Yes, fair, and the client concentration, how would that stack up?
So client concentration is aligned with probably around with Coforge. And if you look at their top five clients, won't be contributing more than 19%-20%. So it does not have a high concentration. It's pretty much diversified. And that's why we look at almost 11 accounts, more than $10 million coming into the mix. So the concentration is almost mirroring Coforge right now.
Okay. And the revenue per employee which they have and we have, I think if you take into account that this asset is more on-site based, isn't this still a bit lower? Just if you try to compare it, revenue per employee for them versus you, even if they are more on-site based, then that number should be higher.
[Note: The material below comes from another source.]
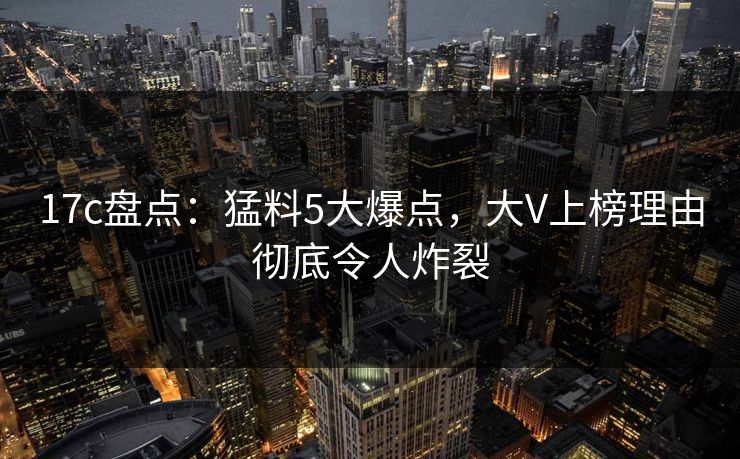 17c盘点：猛料5大爆点，大V上榜理由彻底令人炸裂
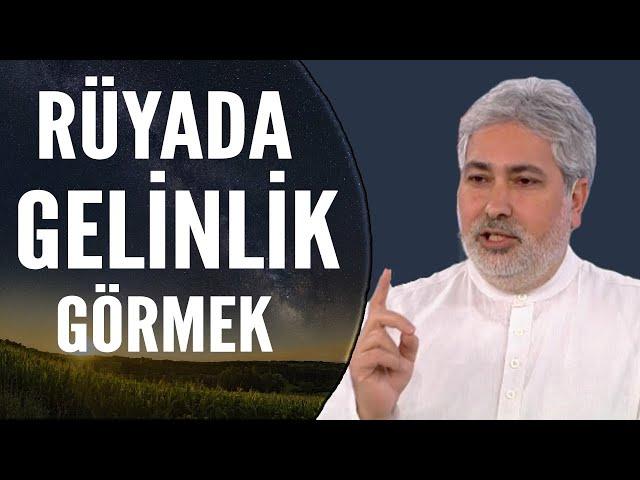 Rüyada Gelinlik Görmek Ne Anlama Gelir? | Mehmet Emin Kırgil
Yeah. So their current revenue per employee is close to $74,000 per employee. And Coforge has a concentration towards U.S., U.K., Australia. Their concentration is near shore. So that is why the near shore bill rates are not as high as U.S. or U.K. or Europe. And that is why when we look at the $74,000 per employee revenue per employee, that is and that is what leads to also higher margins that they have. I mean, Sudhir, you want to add to it?
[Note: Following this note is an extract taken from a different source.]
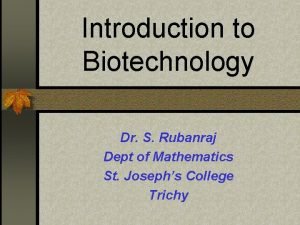 Introduction to Biotechnology Dr S Rubanraj Dept of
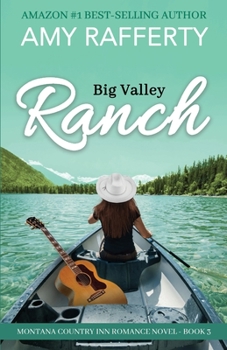 Big Valley Ranch: Montana Country Inn Romance Novel. Book 3 - Book #3 of the Montana Country Inn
Sure. Divyesh, I just want to be clear. They don't have a predominant onshore delivery model. I just wish to be very clear. Their onshore percentage delivery headcount distribution is more or less on par with what the Coforge headcount is. So they're not weighted there. Their non-onsite presence is split largely across India, which is where we operate from, and from countries in the South American continent. So we just wish to be clear. And as we said, when you look at Coforge, our revenue per employee has jumped by about 17% over the last 12 months. And on the technology side, it's $69,000 per employee. They are at $74,000. And that's why we made the earlier assertion that that is a testament to the quality of the services and the pricing power that they have.
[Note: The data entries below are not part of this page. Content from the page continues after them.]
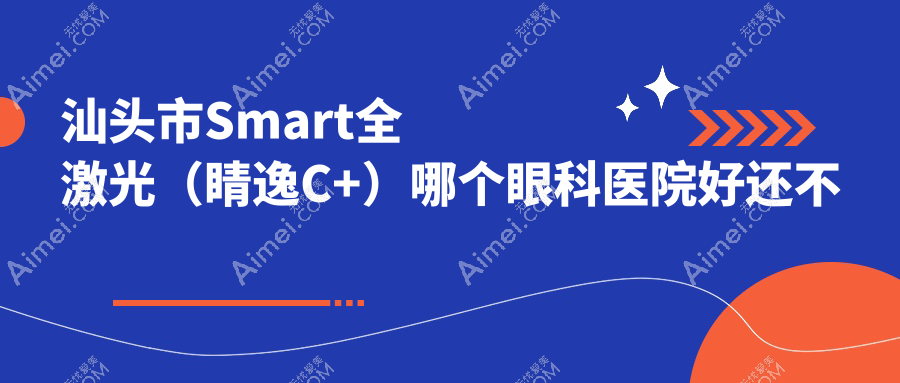 汕头市Smart全激光(睛逸C+)哪个眼科医院好还不贵? 汕头市Smart全激光(睛逸C+)哪个眼科医院好还不贵?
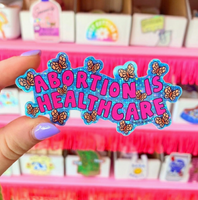 Abortion Is Healthcare Glitter Sticker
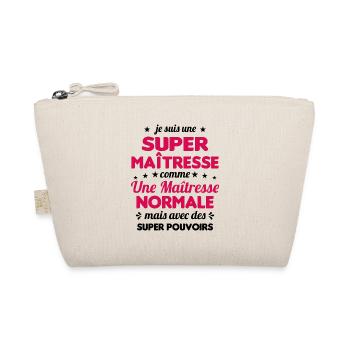 Super Maîtresse Super Pouvoirs Cadeau Maîtresse - Trousse biologique - nature - Devant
Thanks, Sudhir. This is very helpful. Just one last question. If there is any ESOP pool for them, that will be from the existing, or there has to be something fresh which has to be created? That's it.
So as of now, I guess we have enough in the pool to offer the leadership team.
Thanks. Thanks.
Thanks, Divyesh.
Thank you so much. We'll wait for the question queue to assemble. Thank you so much. Ladies and gentlemen, due to paucity of time, we will take that as the last question for today. I now hand over the call to management team for their closing remarks. Over to you.
Thank you very much for your interest and for your time, ladies and gentlemen. Saurabh, Manish, and I will be in Mumbai and in Singapore on Monday and Tuesday. We shall endeavor to make sure that we offer more time to address any questions, any remaining pending questions that you might have. As we said at the outset, this is, we believe, a defining moment for the organization. We look back with great satisfaction at what Coforge has accomplished over the last eight years. We think this is the move that will ensure that the next eight years are as, if not more exciting than the last eight years have been. Thank you very, very much once again for your time, for your interest. We look forward to seeing you in Mumbai on Monday and in Singapore on Tuesday as well. Thank you.
Thank you, members of the management. Ladies and gentlemen, on behalf of Coforge Limited, that concludes today's conference. Thank you for joining us.